Veteran Journalist and an avowed Nkrumahist, Abdul Malik Kweku Baako has said Ghana’s first President, Dr Kwame Nkrumah does not need a statutory public holiday in his memory.
According to him, though he’s a dyed-in-the-wool Nkrumahist and believes that the latter is the founder of the morden state of Ghana, he’s always had a difficulty with instituting a day as a statutory public holiday in memory of Nkrumah or anybody else as a founder of Ghana.
President Akufo Addo is set to propose legislation to Parliament to designate 4th August as FOUNDERS DAY, and 21st September as KWAME NKRUMAH MEMORIAL DAY, both of which will be observed as public holidays.
A statement from the Presidency and signed by the Director of Communications at the presidency, Mr Eugene Arhin on Sundy said the President has to this end issued an Executive Instrument to commemorate this year’s celebration of KWAME NKRUMAH MEMORIAL DAY as a public holiday.
Following the development, 21st September, which previously was marked as Founders Day will now be celebrated as Nkrumah Memorial Day in honour of Ghana’s first president Dr Kwame Nkrumah, the statement released on Sunday noted.
Speaking on Peace FM Wednesday, Abdul Malik Kweku Baako stated that he had problems with late President Mills decision to make Nkrumah’s birthday a public holiday in 2010, without trying to build a consensus among Ghanaians knowing very well that it was a controversial subject.
He however said President Akufo Addo’s decision not to cancel the commemoration of Nkrumah’s birthday but revise it from Founder’s day to Memorial day is a huge vindication of Nkrumah which he describes as a paradox.
“This is coming from a UP rooted administration, Nkrumah after the 1966 coup was criminalized, indeed a price tag of 10,000 cedi then, was put on his head as a common criminal. He was being looked for by the Ghana police and INTERPOL for murder. There were three of them, one is Boye Moses who was arrested, caged and paraded in the streets. Everything Nkrumah was criminalized, but step by step almost every government post Nkrumah began to do a certain systematic rehabilitation of Nkrumah’s image though opportunistically each of them was doing it for their own selfish interest.”

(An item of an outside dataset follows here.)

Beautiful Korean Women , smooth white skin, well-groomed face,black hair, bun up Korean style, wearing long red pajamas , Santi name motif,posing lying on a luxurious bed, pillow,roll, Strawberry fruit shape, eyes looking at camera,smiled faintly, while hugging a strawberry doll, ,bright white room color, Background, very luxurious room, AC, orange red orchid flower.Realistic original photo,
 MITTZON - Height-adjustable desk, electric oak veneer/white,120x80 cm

He added: “Rawlings with all his anti-Nkrumah, later constructed the Nkrumah Mousoleum in 1992 when Ghana was going to the polls, that was opportunistic, same with what late President Mills did. For me, Nkrumah is a global phenomenon, he doesn’t need a holiday for him to be what he is. Nkrumah’s birth 21’st September, was a public holiday when he was in power but it ceased to be so when he was overthrown, and we should have allowed the thing to rest that way. As I sit here, Nkrumah is the founder of Ghana, you can’t take that away from me. But the very moment you move it from the point of yout belief and you want to institute it as a statutory public holiday, it must come with some consensus. So that it becomes sustainable.”